O Brasil tem condições de liderar uma agropecuária competitiva, resiliente e de baixa emissão de carbono. A expansão de práticas como plantio direto, uso de bioinsumos, integração lavoura-pecuária-floresta, recuperação de pastagens degradadas e tecnologias de baixa emissão fortalece a produtividade, melhora o solo, reduz emissões e amplia a adaptação climática.

Essa agenda também contribui para reduzir vulnerabilidades externas, como a dependência de fertilizantes importados, e deve ser apoiada por financiamento, assistência técnica e extensão rural, especialmente para pequenos produtores e agricultores familiares.

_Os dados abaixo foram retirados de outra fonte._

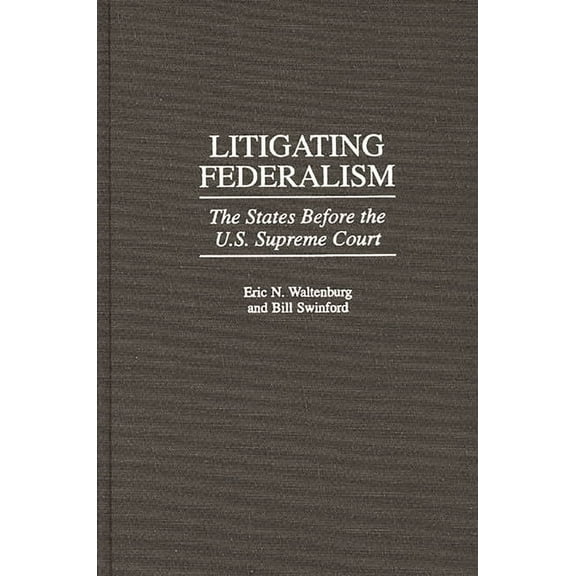 Contributions in Legal Studies Litigating Federalism: The States Before the U.S. Supreme Court, Book 88, (Hardcover)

6. Valorizar as cadeias nacionais para a produção de biocombustíveis e outros derivados da biomassa

A produção de biocombustíveis ocupa posição estratégica para o desenvolvimento nacional, ao articular segurança energética, dinamismo econômico, inovação e valorização da agropecuária. A Coalizão defende investimentos em novas rotas tecnológicas, como biodiesel, combustíveis sustentáveis de aviação e matérias-primas alternativas.

Além dos biocombustíveis, o Brasil deve ampliar a produção de derivados da biomassa capazes de substituir insumos de origem fóssil, como solventes, fertilizantes e polímeros. Essa agenda pode estimular a recuperação produtiva de áreas degradadas e reduzir a pressão sobre a vegetação nativa.

Eixo 3: Gerar valor com a natureza

O terceiro eixo propõe consolidar uma economia capaz de reconhecer, remunerar e ampliar o valor da vegetação nativa, dos ecossistemas conservados e do uso sustentável da biodiversidade.

7. Aprimorar instrumentos que geram valor econômico à vegetação nativa

Mercados de carbono e pagamento por serviços ambientais são fundamentais para reconhecer o valor econômico da vegetação nativa, remunerar quem conserva e recuperar ecossistemas essenciais para a segurança climática, hídrica e produtiva do país.

A consolidação desses mecanismos depende de segurança jurídica, critérios claros, integridade ambiental e capacidade de implementação. Esses instrumentos podem destravar recursos públicos e privados e beneficiar produtores rurais, povos indígenas, comunidades tradicionais, quilombolas e agricultores familiares.

8. Consolidar uma nova economia florestal para o país

A economia florestal deve ser compreendida como eixo estratégico de desenvolvimento, capaz de articular produção, conservação e uso sustentável dos recursos naturais. Restauração, manejo florestal sustentável, concessões florestais, silvicultura de espécies nativas e bioeconomia podem dinamizar economias regionais, estruturar novas cadeias produtivas e gerar oportunidades em territórios que conservam e produzem a partir da floresta.

Com segurança jurídica, capacidade institucional, regularização fundiária e financiamento adequado, o Brasil pode ampliar a escala dessas atividades, atender à demanda por produtos florestais sustentáveis, reduzir a pressão sobre ecossistemas naturais e fortalecer uma economia baseada na biodiversidade e na sociobiodiversidade.